For the data below, retype word for word the lines from the one containing "6365 Mckee Rd SE, Dennison, OH 44621 photo 1" through the one containing "Preview 27667250"; drop the pictures.

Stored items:
++++++++++++++++++++
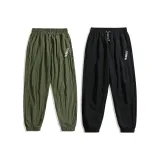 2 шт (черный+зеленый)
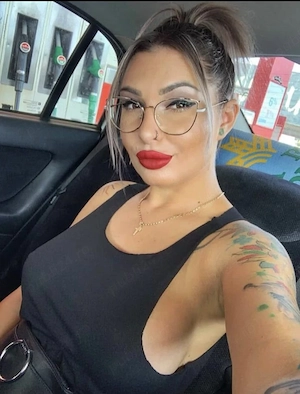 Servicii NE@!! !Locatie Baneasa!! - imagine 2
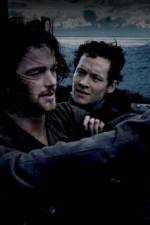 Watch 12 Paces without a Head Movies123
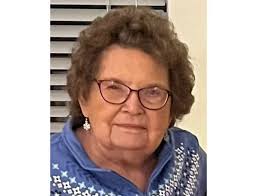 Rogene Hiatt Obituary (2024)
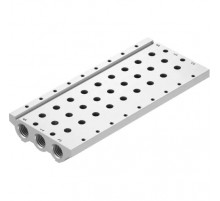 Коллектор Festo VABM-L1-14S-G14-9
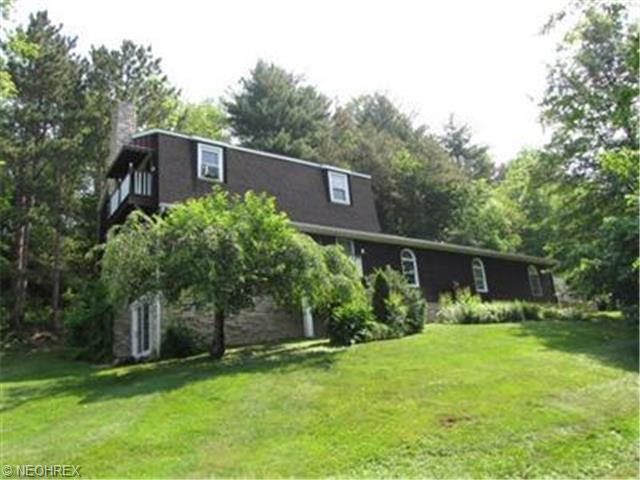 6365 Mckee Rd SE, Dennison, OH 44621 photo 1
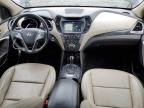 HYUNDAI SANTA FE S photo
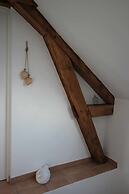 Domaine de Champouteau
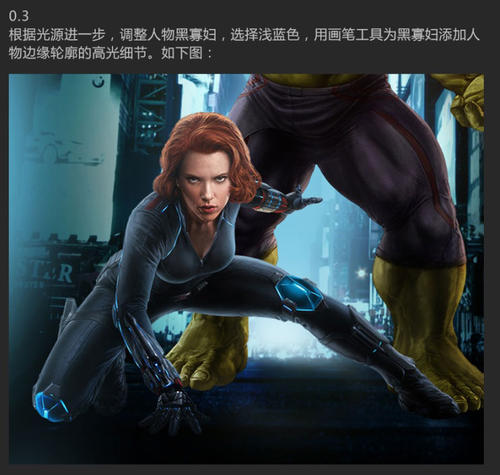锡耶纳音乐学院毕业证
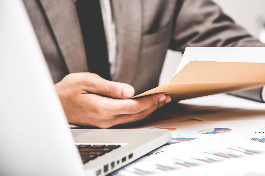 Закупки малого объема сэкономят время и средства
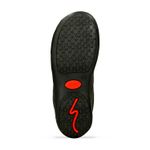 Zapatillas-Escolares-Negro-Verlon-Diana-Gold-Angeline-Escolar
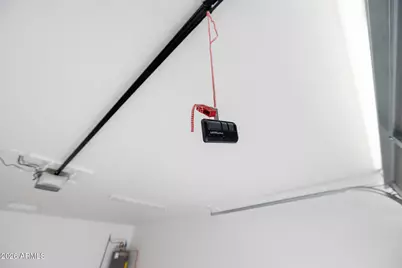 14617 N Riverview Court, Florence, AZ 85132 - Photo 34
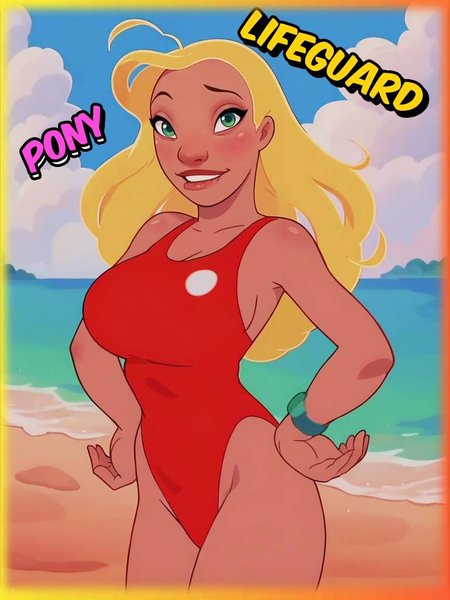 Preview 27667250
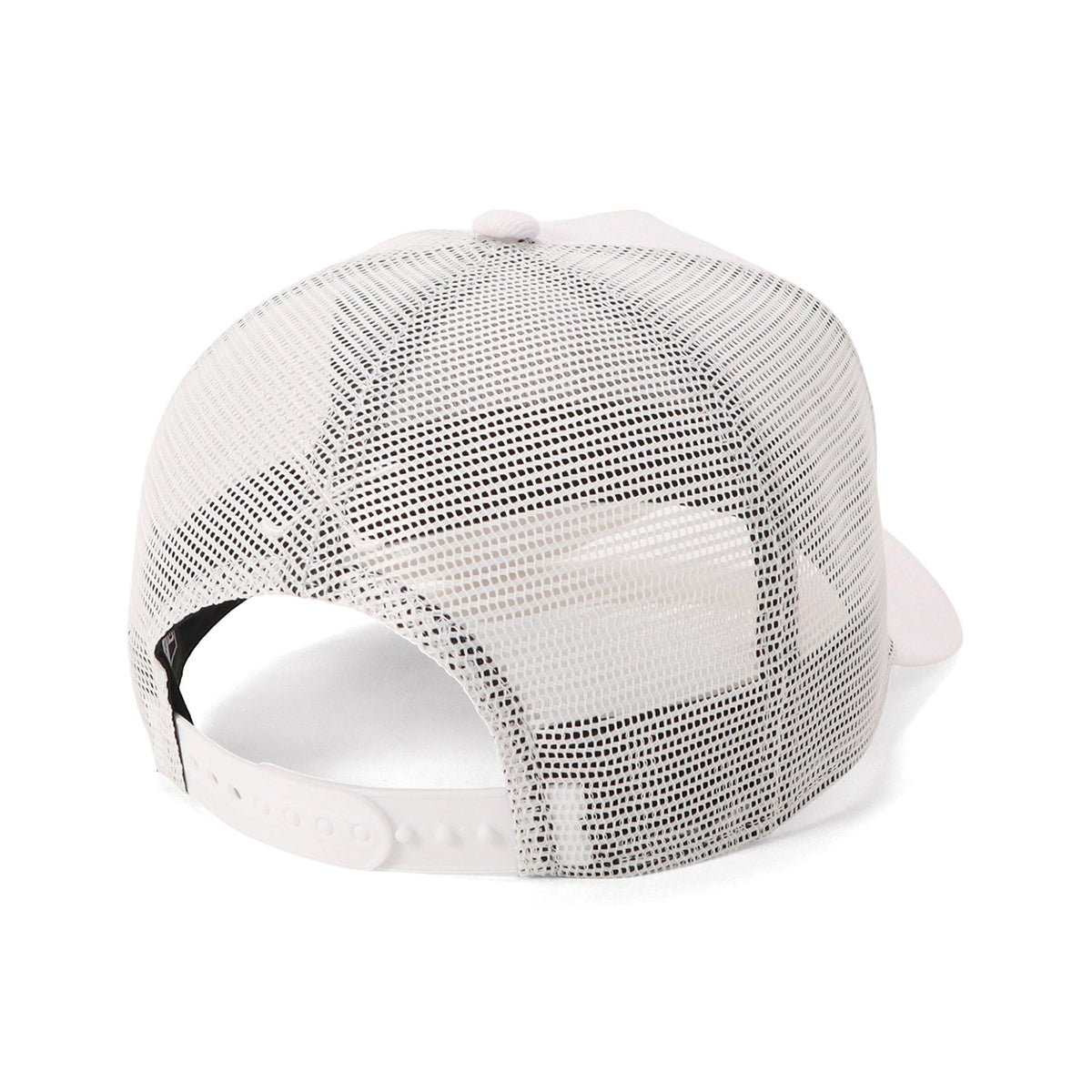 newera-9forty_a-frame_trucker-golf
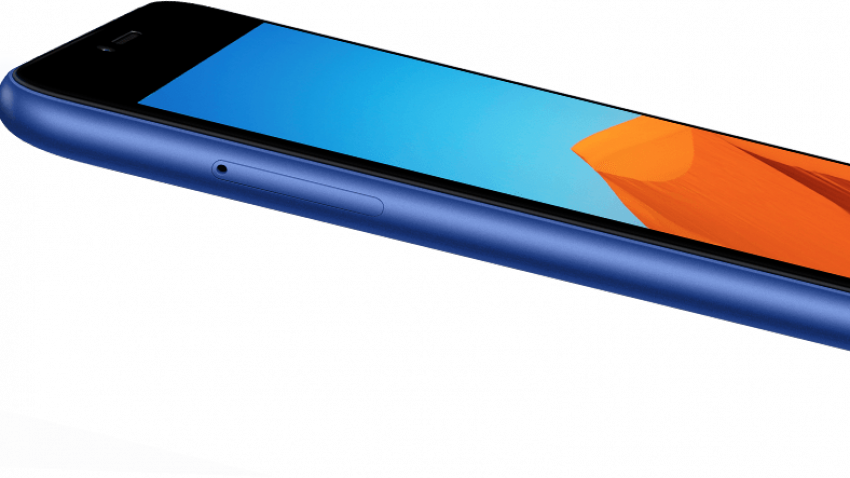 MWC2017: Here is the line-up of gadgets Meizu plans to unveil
++++++++++++++++++++
§ **Answer space**:
 6365 Mckee Rd SE, Dennison, OH 44621 photo 1
 HYUNDAI SANTA FE S photo
 Domaine de Champouteau
锡耶纳音乐学院毕业证
 Закупки малого объема сэкономят время и средства
 Zapatillas-Escolares-Negro-Verlon-Diana-Gold-Angeline-Escolar
 14617 N Riverview Court, Florence, AZ 85132 - Photo 34
 Preview 27667250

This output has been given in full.